Exercise details ->
The records below hold pictures; please leave those out and retype the rest exactly.
---------- Exercise input
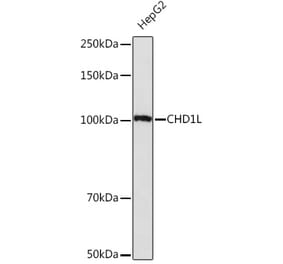 Western Blot - Anti-CHD1L Antibody [ARC2153] (A305974) - Antibodies.com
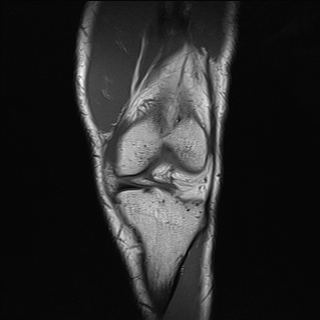 File:Anterior cruciate ligament full thickness tear (Radiopaedia 66268-75467 Coronal T1 6).jpg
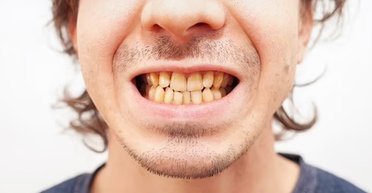 Сильно желтеют зубы: стоматологи указали на малоизвестную ошибку при чистке зубов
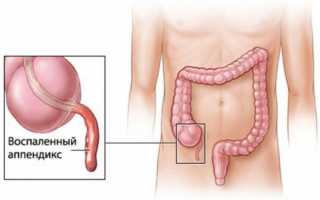 Как проходит и сколько длится операция на аппендицит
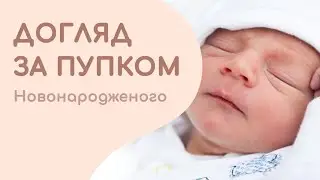 ДОГЛЯД ЗА ПУПКОМ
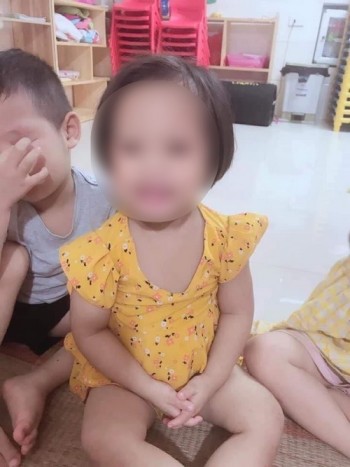 Tin buồn: Bé gái 3 tuổi bị nhân tình của mẹ đóng đinh vào đầu đã tử vong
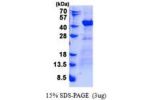 DNAJB4, 1-337aa, Human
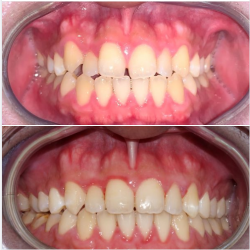 Bạn chọn niềng răng trong 9 tháng, hay làm răng sứ trong 3 ngày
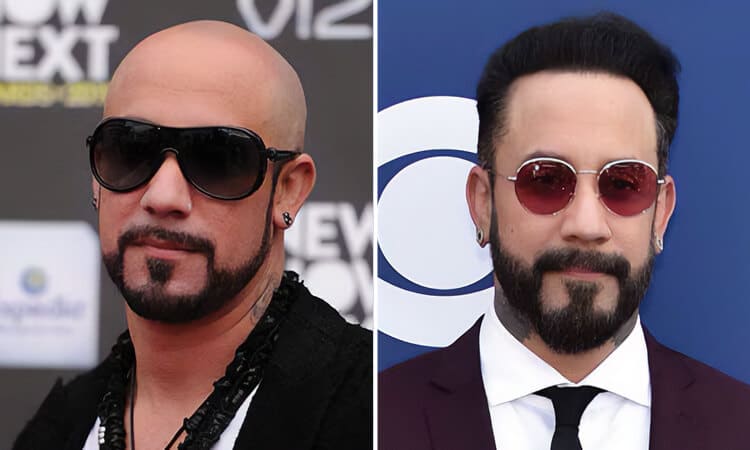 A. J. McLean Hair Transplant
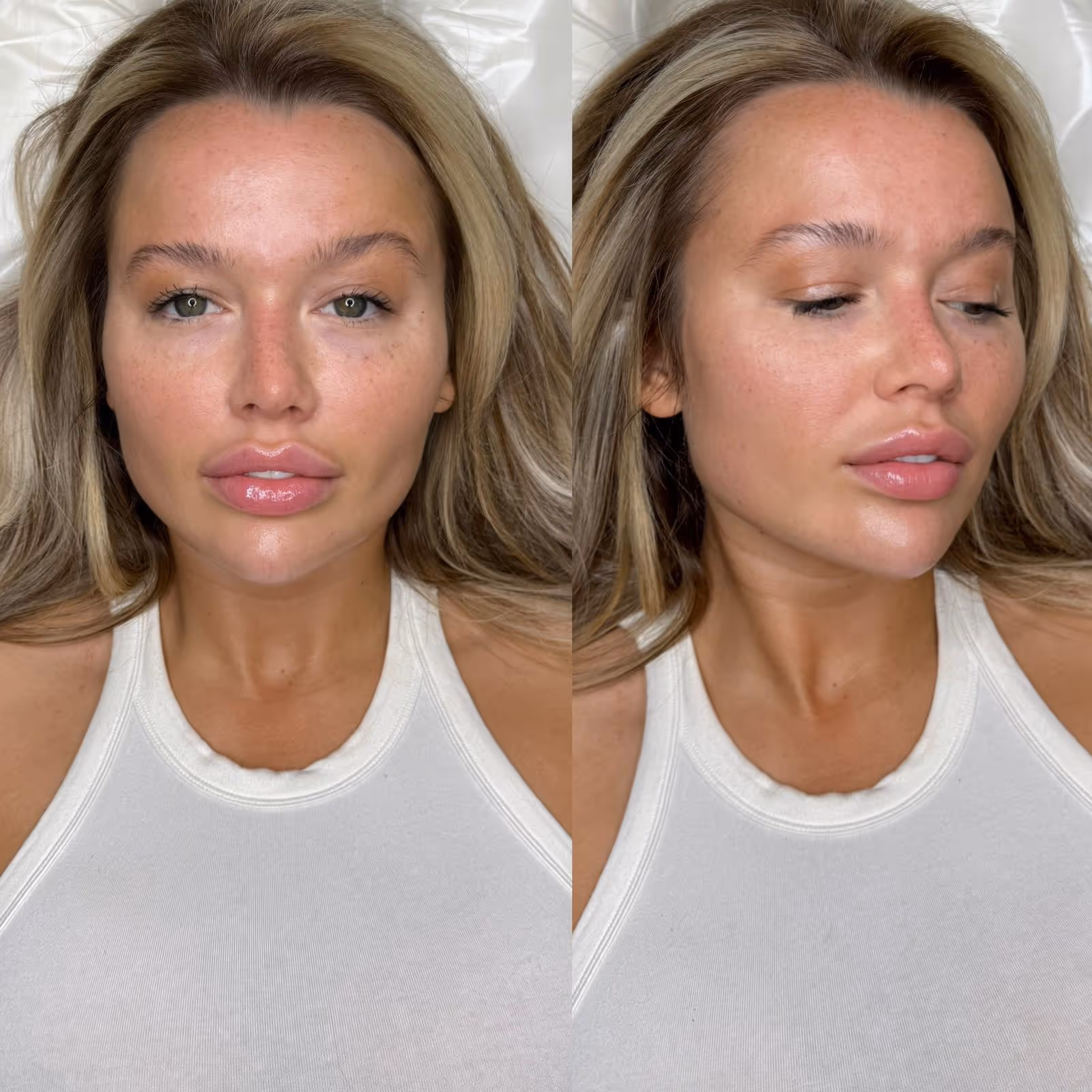 Before and after Botox results at CA Clinic Dubai
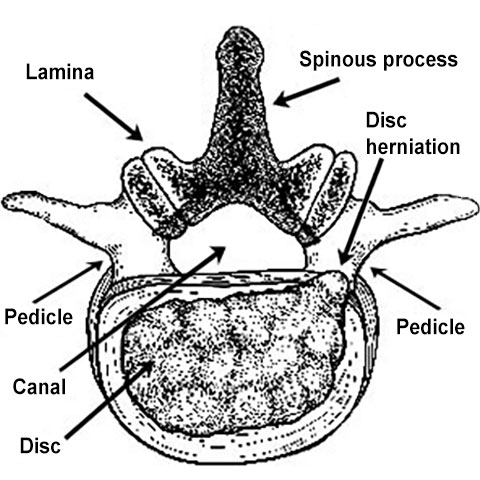 Illustration of a cross-section of a spinal vertebra showing a disc herniation.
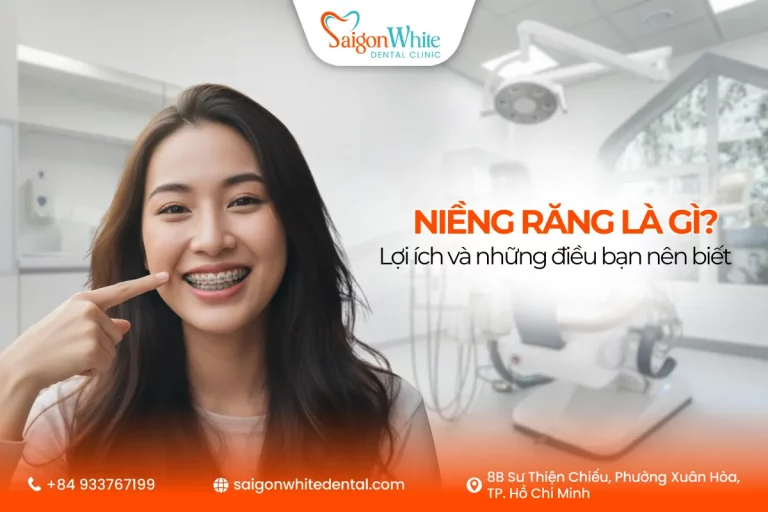Niềng răng là gì?
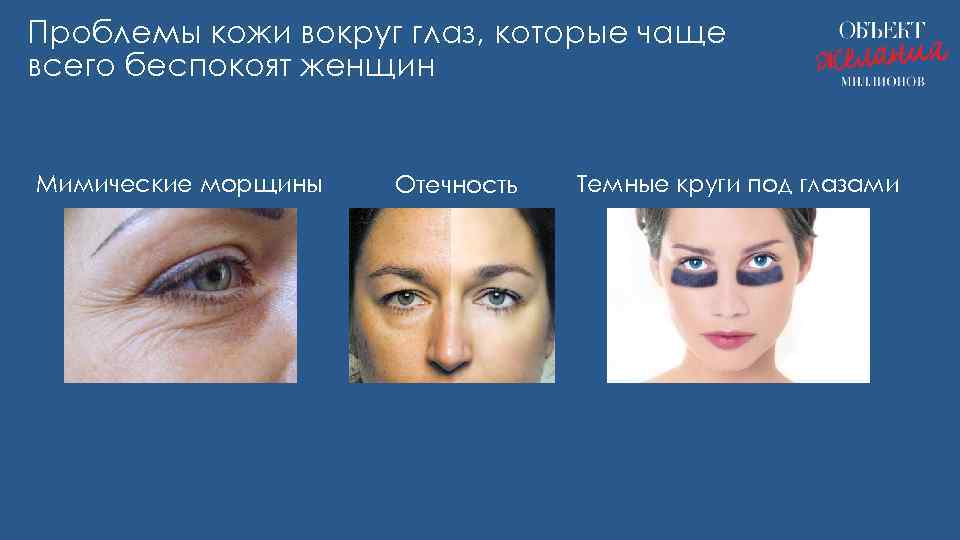 Проблемы кожи вокруг глаз, которые чаще всего беспокоят женщин Мимические морщины Отечность Темные круги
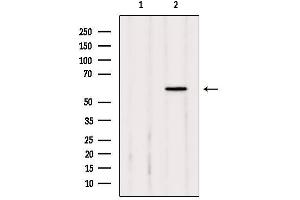 Western blot analysis of extracts from mouse kidney, using Catalase Antibody.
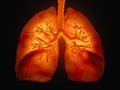 Lungs with visible bronchi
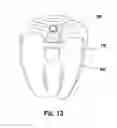 Fig. 08 - Knee prosthesis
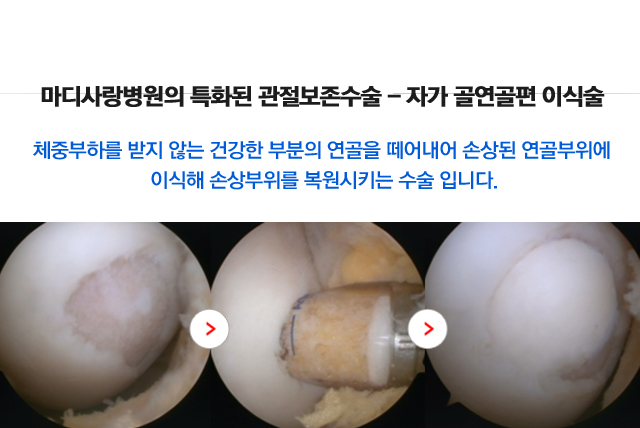 퇴행성관절염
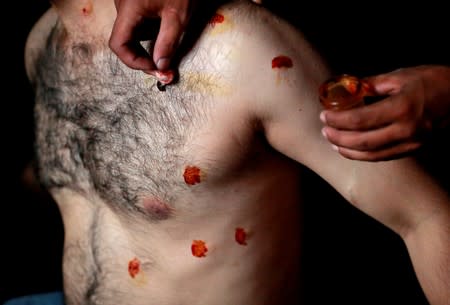 FILE PHOTO: A man with pellet injuries is treated inside a house in Srinagar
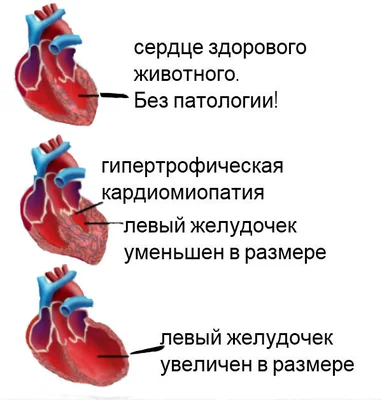 Симптомы сердечных патологий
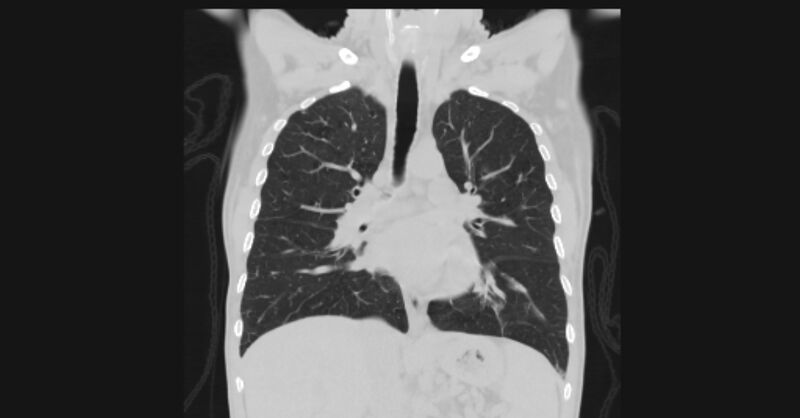 File:Angioinvasive aspergellosis (Radiopaedia 66995-76315 Coronal lung window 32).jpg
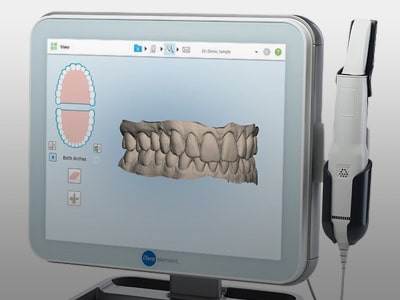 Digital Impressions Orthodontic Studio of Brooklyn NY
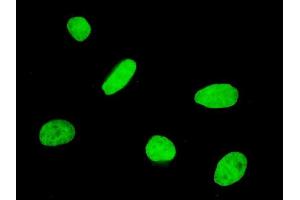 Immunofluorescence of monoclonal antibody to FOXQ1 on HeLa cell. (FOXQ1 Antikörper  (AA 110-219))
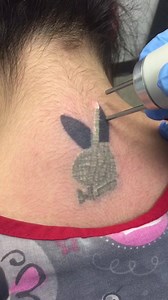 199K views · 1.5K reactions | Doing our thing. This is the first treatment of a multiple treatment process. What you are seeing is a gas that is released from the ink when it is shattered by the laser. There is no burning or scarring occurring. cleancanvaslaser.com. Consultations and test spots are always free. By appointment only. | Clean Canvas Laser Tattoo Removal | Facebook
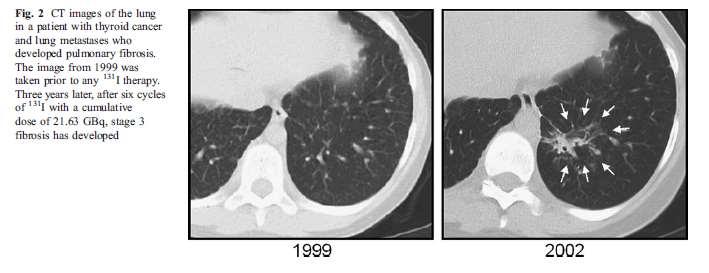 Pulmonary fibrosis Is diagnosed by CT scan Pulmonary function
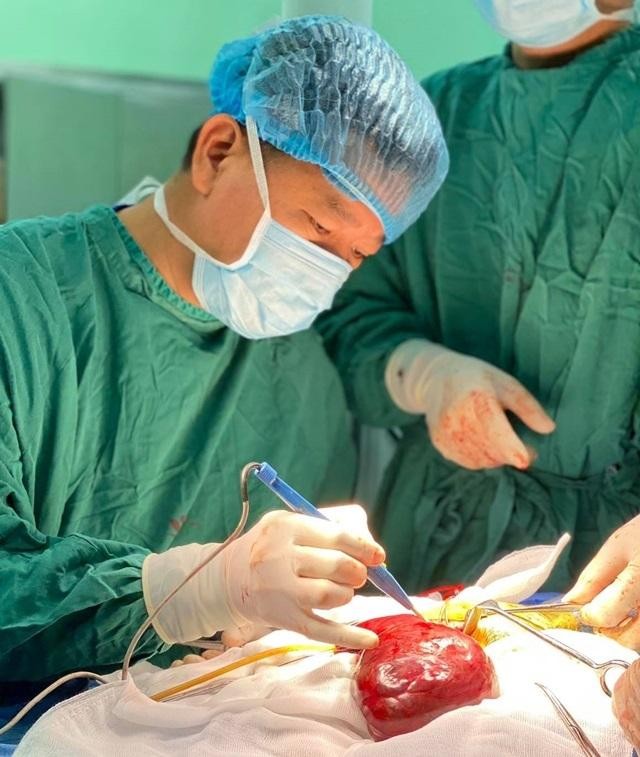 Bác sĩ toát mồ hôi cắt bỏ khối u máu khổng lồ ở gan bé trai mới 14 ngày tuổi ảnh 1
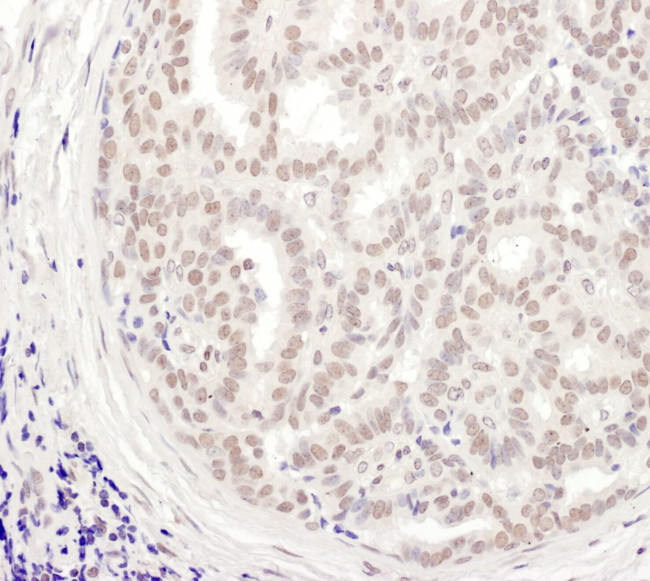 MEPCE Antibody in Immunohistochemistry (IHC)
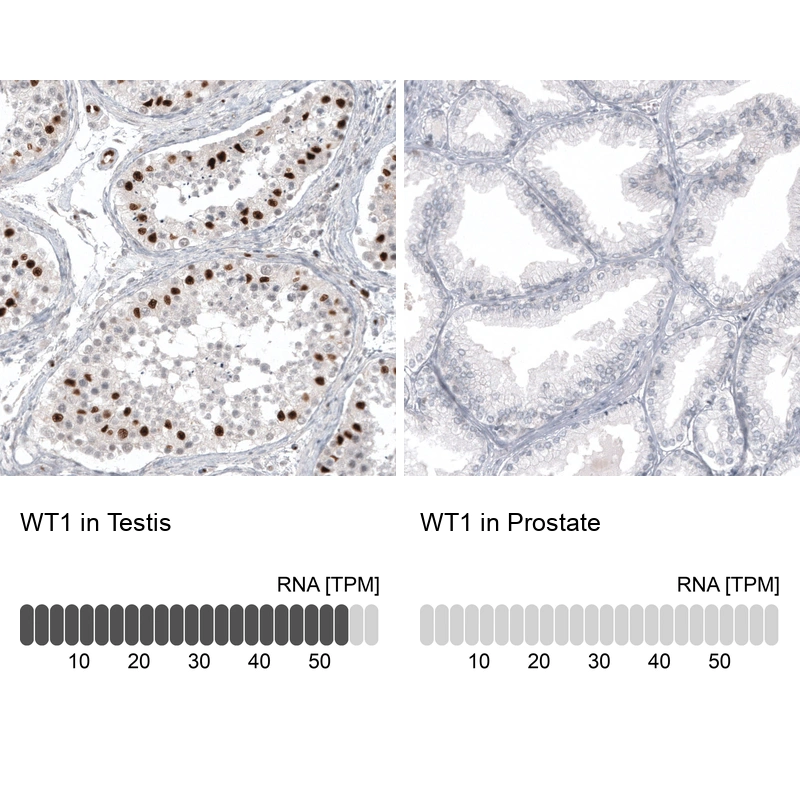 Mouse Monoclonal Anti-WT1 Antibody - Buy for research - Highly specific ...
--------------------
Task response ->
 Western Blot - Anti-CHD1L Antibody [ARC2153] (A305974) - Antibodies.com
 File:Anterior cruciate ligament full thickness tear (Radiopaedia 66268-75467 Coronal T1 6).jpg
 Сильно желтеют зубы: стоматологи указали на малоизвестную ошибку при чистке зубов
 Как проходит и сколько длится операция на аппендицит
 ДОГЛЯД ЗА ПУПКОМ
 Tin buồn: Bé gái 3 tuổi bị nhân tình của mẹ đóng đinh vào đầu đã tử vong
 DNAJB4, 1-337aa, Human
 Bạn chọn niềng răng trong 9 tháng, hay làm răng sứ trong 3 ngày
 A. J. McLean Hair Transplant
 Before and after Botox results at CA Clinic Dubai
 Illustration of a cross-section of a spinal vertebra showing a disc herniation.
Niềng răng là gì?
 Проблемы кожи вокруг глаз, которые чаще всего беспокоят женщин Мимические морщины Отечность Темные круги
 Western blot analysis of extracts from mouse kidney, using Catalase Antibody.
 Lungs with visible bronchi
 Fig. 08 - Knee prosthesis
 퇴행성관절염
 FILE PHOTO: A man with pellet injuries is treated inside a house in Srinagar
 Симптомы сердечных патологий
 File:Angioinvasive aspergellosis (Radiopaedia 66995-76315 Coronal lung window 32).jpg
 Digital Impressions Orthodontic Studio of Brooklyn NY
 Immunofluorescence of monoclonal antibody to FOXQ1 on HeLa cell. (FOXQ1 Antikörper  (AA 110-219))
 199K views · 1.5K reactions | Doing our thing. This is the first treatment of a multiple treatment process. What you are seeing is a gas that is released from the ink when it is shattered by the laser. There is no burning or scarring occurring. cleancanvaslaser.com. Consultations and test spots are always free. By appointment only. | Clean Canvas Laser Tattoo Removal | Facebook
 Pulmonary fibrosis Is diagnosed by CT scan Pulmonary function
 Bác sĩ toát mồ hôi cắt bỏ khối u máu khổng lồ ở gan bé trai mới 14 ngày tuổi ảnh 1
 MEPCE Antibody in Immunohistochemistry (IHC)
 Mouse Monoclonal Anti-WT1 Antibody - Buy for research - Highly specific ...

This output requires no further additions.